此外,网卡还可以包括用于控制网卡的基本管理配置信息的管理处理器、面向产品生命周期各/环节的设计(英文:design for X,缩写:DFX)模块、用于管理数据收发队列以及处理器的命令队列的队列管理模块、用于进行时钟相位同步的锁相环(英文:phase locked loop,缩写:PPL)、任务流的计时器(英文:Timer)等模块中的一项或多项,本申请中不在图2中一一进行展示。网卡还可以根据任务需求设置其它功能模块,此处不一一赘述。
下面将在图2所示的网卡的基础上,介绍现有的任务处理方法的基本流程。
任务处理往往能够拆分成N个相互独立可以分别执行的执行阶段(为了便于描述以下简称阶段。本领域内的技术人员可以理解的,本申请中的阶段在本领域内还可以有其它类似的描述。例如,本领域文献中任务的“段”、“分段”、“部分”、“子任务”等描述均可以等同为本申请中任务的阶段,或英文文献中任务的“section”、“stage”、“part”、“phase”、“period”等描述均可以等同为本申请中的阶段)。现有技术中,预先将任务程序按照不同的阶段划分为N个程序段,依次为第一程序段、第二程序段、……第N程序段,其中第i程序段用于执行任务处理的第i阶段,N为不小于2的整数,i为不大于N的整数。每个程序段分别作为一个执行文件保存在网卡内存的程序内存区中。
网卡通过DMA方式从服务器处获取任务的上下文信息,并保存在网卡内存的数据内存区。现有技术中,上下文信息也与该N阶段对应划分为N个信息块,依次为第一信息块、第二信息块、……第N信息块。其中第i信息块包括执行第i阶段的任务处理所要使用的上下文信息,即第i程序段要使用的上下文信息。由于某些上下文信息可能会被多个程序段使用,因此该N个信息块可以有重叠部分。

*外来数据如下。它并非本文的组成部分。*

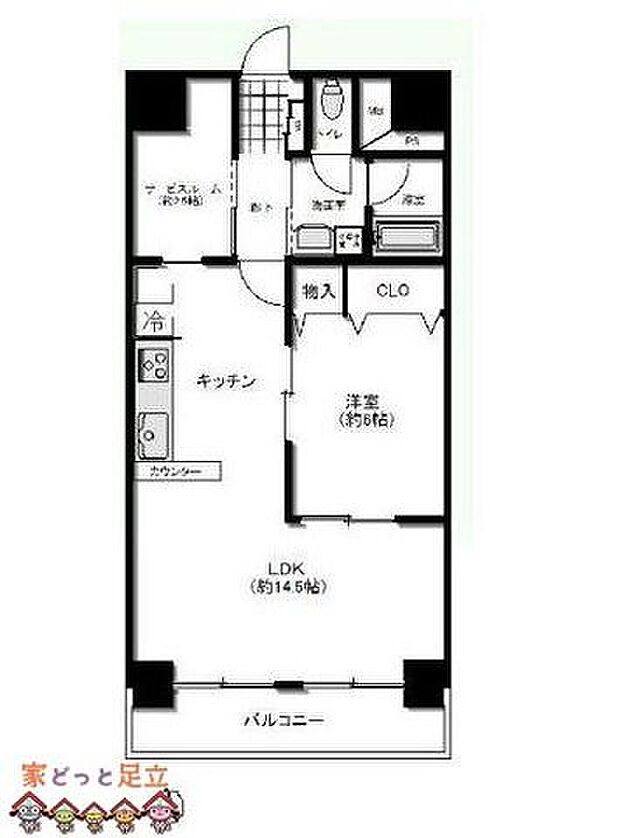 東武大師前サンライトマンション3号館(1SLDK) 2階の間取り図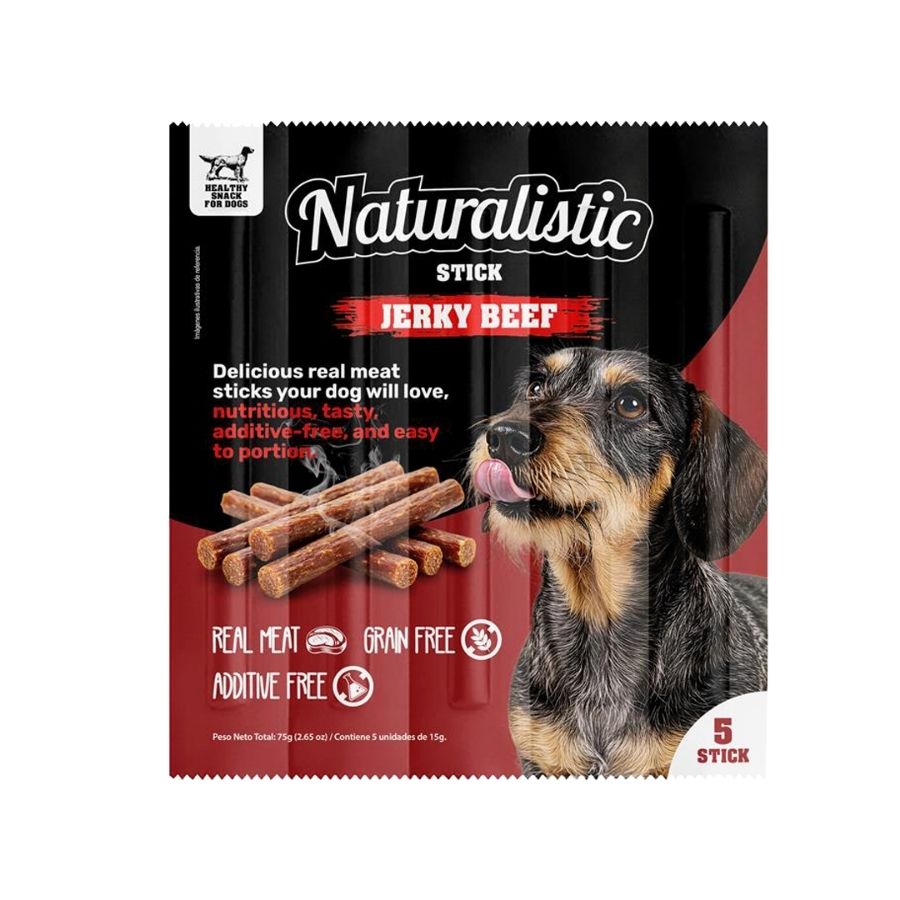 Naturalistic Tiras de carne deshidratada de vacuno para perros 5 un - 75GR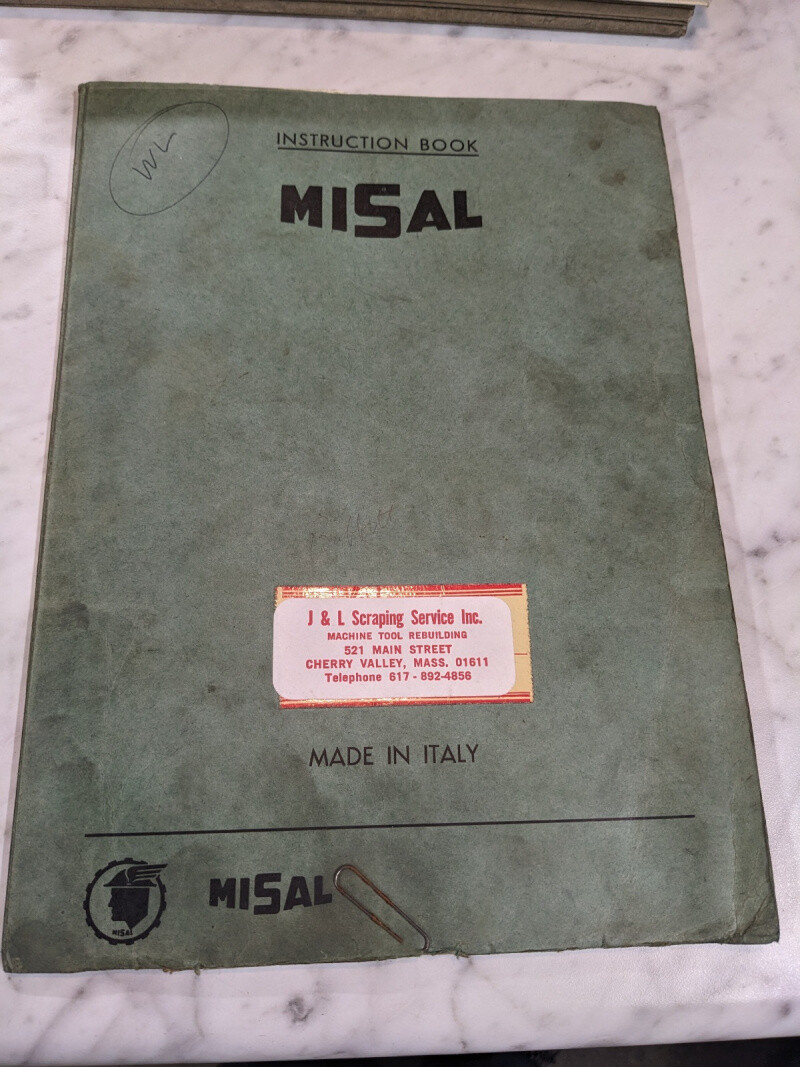 MISAL OPERATOR MANUAL PARTS LIST BOOK VERTICAL MILLING MACHINE HORIX ITALY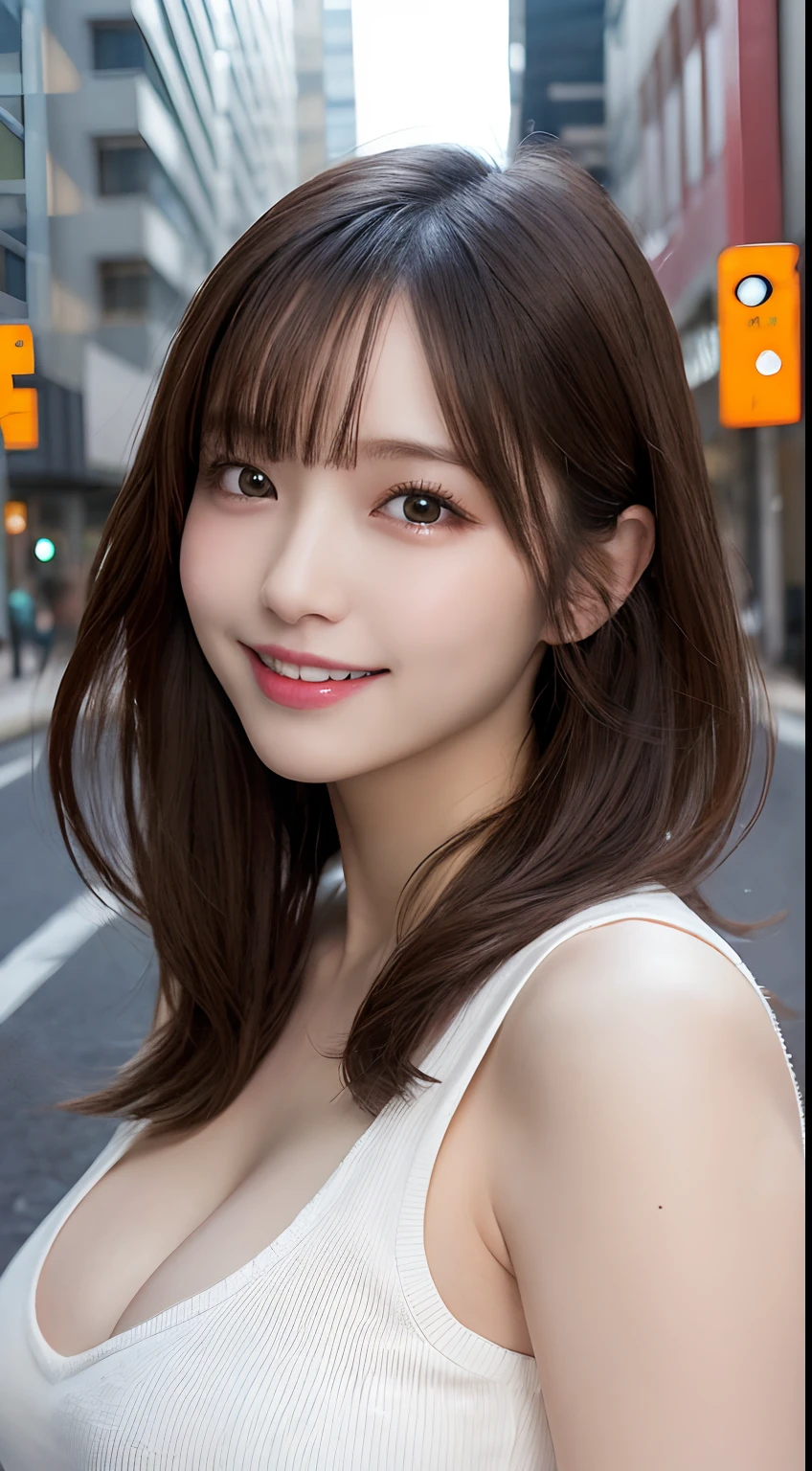 masutepiece, Best Quality, Illustration, Ultra-detailed, finely detail, hight resolution, 8K Wallpaper, Perfect dynamic composition, Beautiful detailed eyes, doress,Medium Hair, Big breasts, Natural Color Lip, Random and sexy poses,Smile,Aoyama Street Walk、20 years girl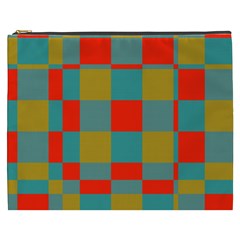Squares In Retro Colors Cosmetic Bag (xxxl) by LalyLauraFLM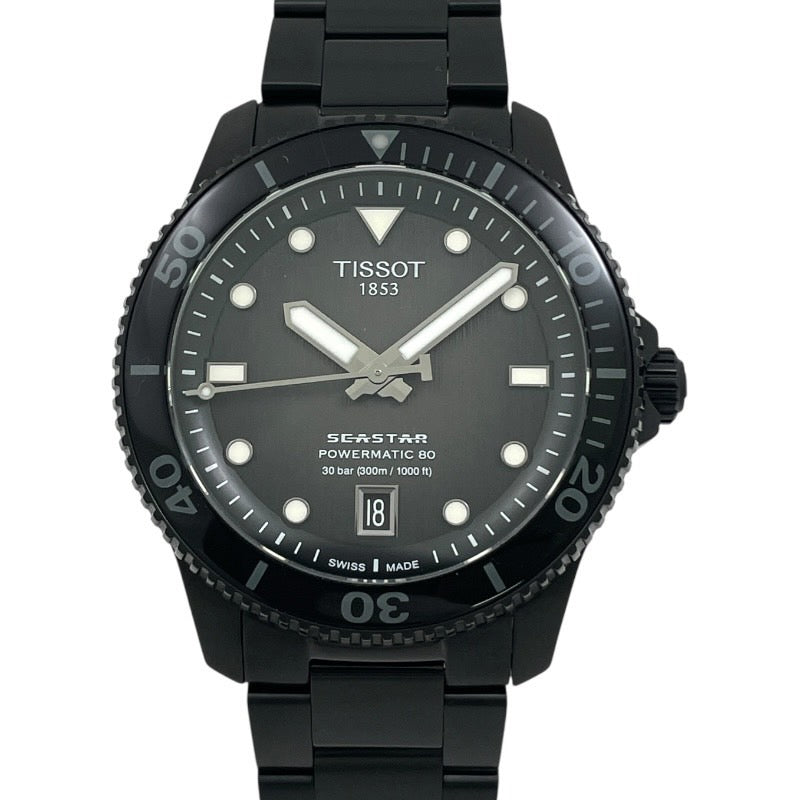 【TISSOT】ティソ シースター1000 パワーマティック80 T120.807.33.051.00 腕時計 ステンレススチール メンズ 自動巻き Seastar1000 ブラック 黒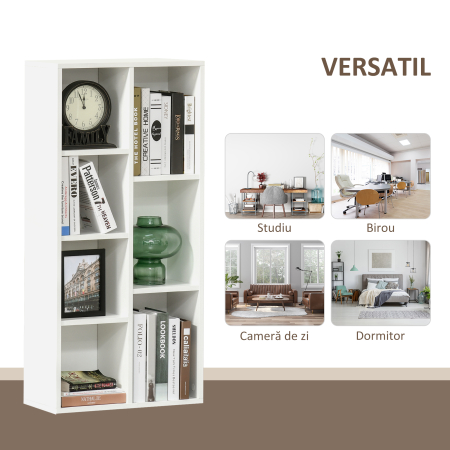  Biblioteca din Lem Stil Vintage Cubica cu 7 Suporturi Diferite din MDF pentru Casa si Birou, 50x24x106 cm, Alb [3]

现阶段的技术中,处理器运行资源池中的线程进行任务处理的方法请参阅 图3(a):具体的,处理器在资源池中选择一个线程作为主线程,以对资源池中的其它线程进行调度。主线程在确定待处理的报文(待处理的报文可以是上行报文也可以是下行报文)后,为待处理的报文每个的阶段的任务处理分配一个空闲的线程。以N=3为例:主线程从资源池空闲的线程中选择第一线程,处理器通过第一线程,加载待处理的报文和第一信息块到第一线程的DCache,并加载第一程序段到第一线程的ICache,然后根据报文以及第一信息块,执行第一线程ICache中的程序,以对报文进行第一阶段的处理;然后主线程选择空闲的第二线程,处理器通过第二线程,加载第一线程对报文的第一阶段的处理结果以及第二信息块到第二线程的DCache,并加载第二程序段到第二线程的ICache,对报文进行第二阶段的处理;最后主线程选择空闲的第三线程,处理器通过第三线程,加载第二线程对报文的第二阶段的处理结果以及第三信息块到第三线程的DCache,并加载第三程序段到第三线程的ICache,对报文进行第三阶段的处理。在第三线程得到对报文的第三阶段的处理结果后,网卡即完成了的完整的报文任务处理流程。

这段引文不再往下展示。